"N'ayons pas peur du changement", Luc Frieden au sujet de la politique poursuivie en matière budgétaire et de la place financière luxembourgeoise

Le Quotidien: La présentation de ce budget 2010, le premier après les élections et en pleine période de crise, était très attendue. Était-ce un grand moment de solitude pour vous à la Chambre?

Luc Frieden : Non. Tous les budgets sont difficiles car il y a toujours plus de demandes de dépenses que de recettes. Mais ce budget-ci est particulièrement désagréable, oui, parce qu'il contient un déficit auquel nous ne sommes pas habitués. Ceci dit, pour celui qui a travaillé sur le budget de l'État depuis plusieurs mois, cela ne constitue pas vraiment une surprise et nous avions annoncé, avant les élections, que l'année 2009 comme l'année 2010 verrait un déficit considérable.

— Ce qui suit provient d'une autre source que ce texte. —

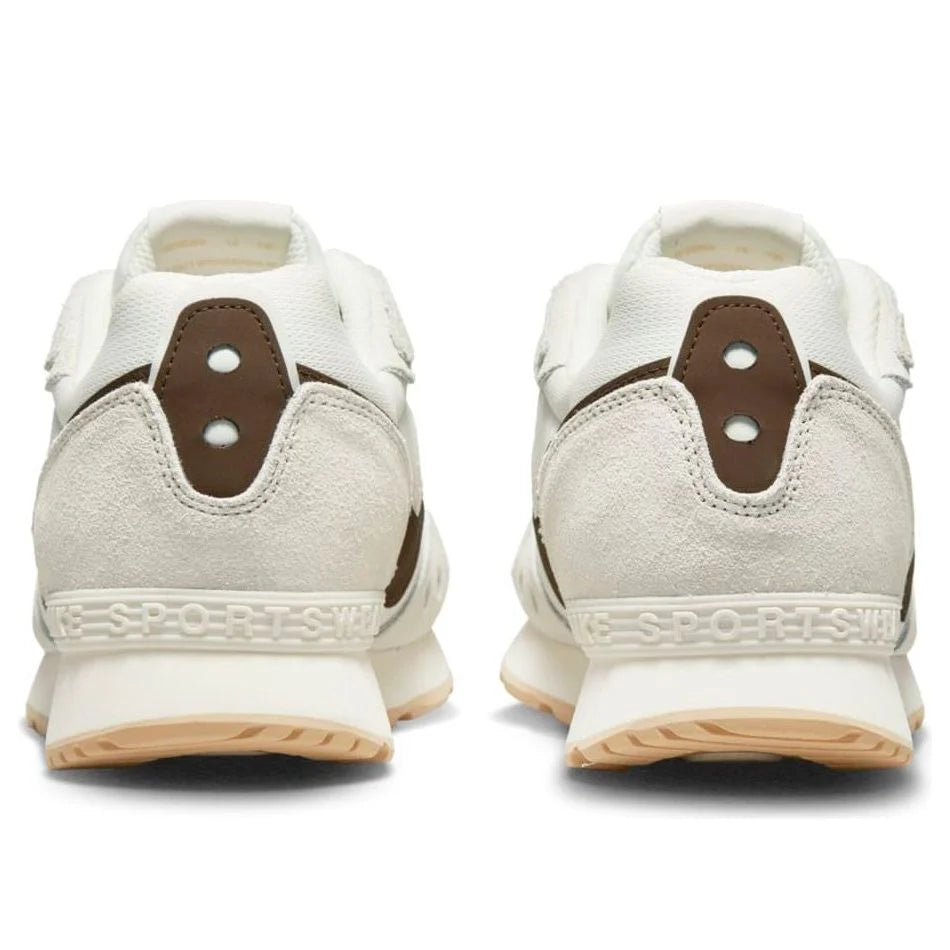 NIKE VENTURE RUNNING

Le Quotidien:Ce n'est pas ce que disent vos adversaires politiques, notamment I'ADR qui rappelle que les chiffres annoncés lors de la campagne du CSV étaient en deçà de la réalité...

Luc Frieden: Ils n'ont visiblement pas assisté aux nombreuses réunions électorales qui ont été organisées, y compris le "Juncker on tour". On a toujours souligné que l'on aurait un déficit considérable et j'ajoute aujourd'hui, comme je l'ai dit à l'époque, que ce déficit devait être temporaire parce qu'il est dû à la crise économique internationale et à notre réponse à cette crise, qui est le programme de conjoncture. Il faudra, après la crise, sortir de ce déficit. Telle est notre volonté et c'est ce que nous allons faire.

Le Quotidien: Vous avei annoncé un certain nombre de mesures mais qui s'inscrivent quand même dans un budget de la continuité. D'aucuns qualifient ces mesures d'opérations chirurgicales. Qu'en pensez-vous?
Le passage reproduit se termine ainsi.